И вот что интересно: взявшись решить эстетическую судьбу текста, Быков бывает проницателен, как Кассандра. Напротив, в гадании на судьбу общества невольно жульничает, выдавая желаемое за действительное. Яркий пример — его концепция народа в отличном эссе о Шолохове «Дикий Дон». Читая, как Быков пытается навязать народу умение «сформулировать» законы и ценности, оторвать его от архаической привязанности к роду, отучить от «самомнения, традиций и жестокости», — невольно вспоминаешь статью Павлова «Русская литература и крестьянский вопрос», в которой точно уловлена основа мироощущения, по выражению Павлова, «людей земли» и, по сути, воспроизведена модель взаимоотношения Быкова и общества: интеллигенция все суетится и хочет народ куда-то направить, а тот стоит остолбенело и слышит только архаический зов почвы. А когда разрушена идея земли и разворошена бесхозяйственностью сама почва, — не слушает уже ничего и только стоит остолбенело…
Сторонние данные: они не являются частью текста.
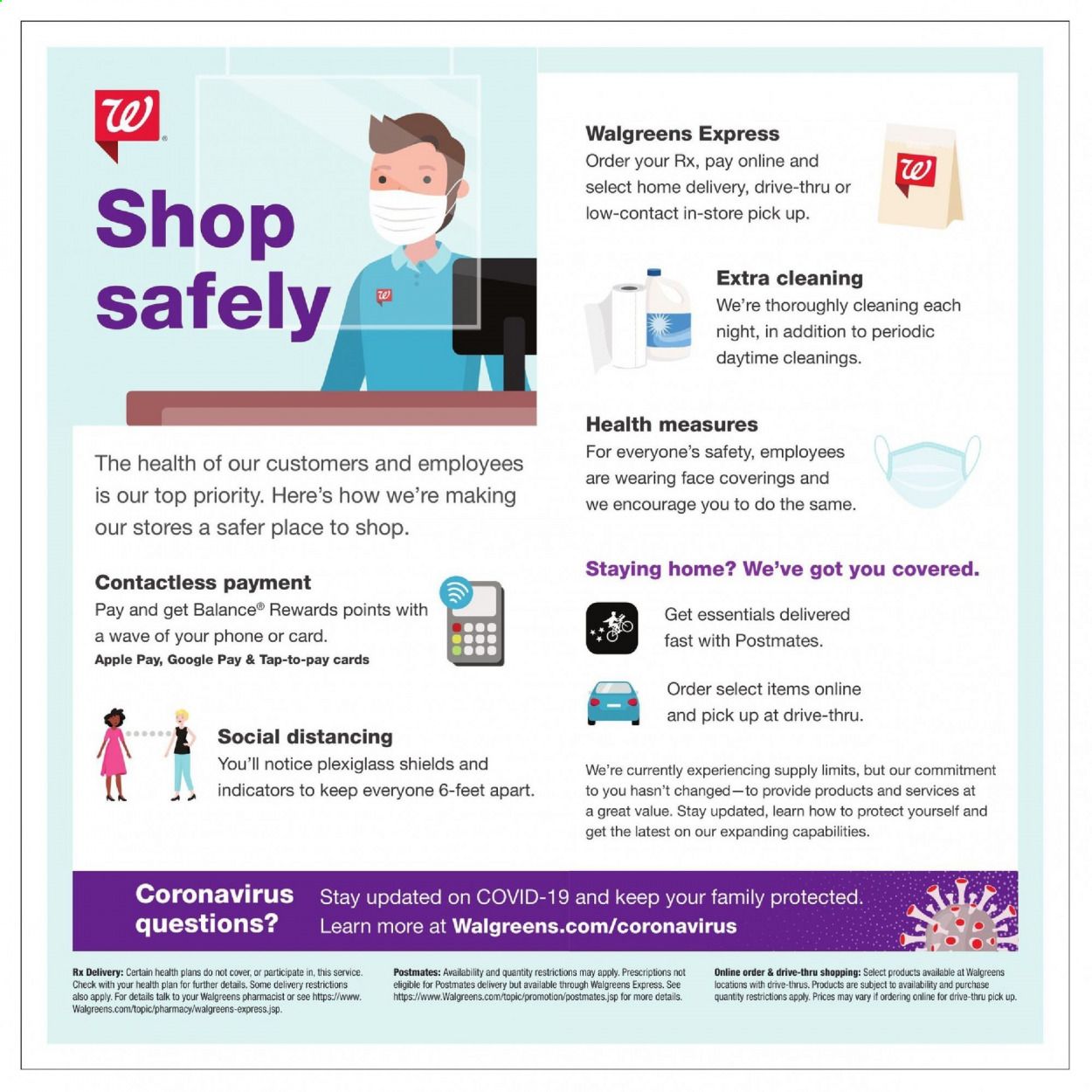 Walgreens Weekly Ad & Flyer June 7 to 13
Но Быков любит отчаянный труд, «бессмысленное сопротивление». Энтузиазм его статей — это вызов его же собственному пониманию их напрасности. Идеологические проекты — попытка нагрубить собственному пессимизму. В России никогда ничего не изменится, но мы замыслим переворот. Положение наше отчаянное, но надо надеяться. Поэтому и читатель, к которому адресует свои выступления Быков, — самый широкий. Со всеми его самыми массовыми предрассудками, самыми общими представлениями, которые Быкову интересны как метки на пути к сердцу его идеального читателя — нашего общества. Многочисленность которого только оттеняет его, Быкова, отчаянное ощущение одиночества.